A slimmer version of a proposal to expand the City of Omaha's authority over liquor establishments won approval of the City Council on Tuesday.
Led by Councilman Pete Festersen, the council eliminated two major components from what was a three-pronged plan to use city zoning laws to exert more control over troublesome liquor retailers.
An amendment sponsored by Festersen deleted a proposed $75 fee for all liquor license holders and cut provisions that would have given the council sweeping regulatory powers.
The council left intact language that requires liquor retailers to comply with a set of “nuisance prevention standards,” or face the suspension or revocation of their building's occupancy certificate.
Retailers that violate the ordinance's nuisance provisions — which include illegal drug activity, excessive noise or violence — would be targeted under procedures that normally address weeds, litter or noise.
If a retailer was warned to get rid of a nuisance by city code inspectors, but didn't do so in a reasonable amount of time, council members could take action against an occupancy certificate.
Festersen said his amendments preserved the proposal's most important tool to combat problems with certain liquor retailers. The five other council members who voted with him agreed.
“We may have trimmed down the fangs a little bit and made it a little more presentable and a little more palatable,” Councilman Garry Gernandt said. “But I don't think we've reduced the teeth in this ordinance.”
The original proposal, introduced after months of lobbying from neighborhood representatives concerned with problem bars and other Omaha retailers, would have allowed for the creation of “alcohol impact districts.”

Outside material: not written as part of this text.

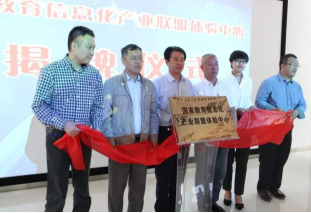 国家教育信息化产业联盟体验中心落户国家大学科技城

Alcohol retailers within these areas could have been subject to special conditions, including specific business hours for alcohol sales or regulations on a building's signs or entrances.
Such provisions were the subject of fierce opposition from many area liquor retailers and the Greater Omaha Chamber of Commerce.
“There's no doubt progress was made today,” said Chris Foster, a spokesman for the Local Campaign, a group of concerned neighborhood groups. “Yet, at the same time, we recognize that the ordinance doesn't go far enough.”
Foster said the group would make sure the public nuisance standards can be enforced.
Councilman Ben Gray, who led neighborhood groups' charge for the original proposal, was the sole vote against the amended ordinance.
“I know it's disappointing,” he said to residents who watched Tuesday's council vote. “But you did push through an additional tool that this city can use to address problem establishments. It's not what you wanted, it's not what I wanted, but that's the process of democracy.”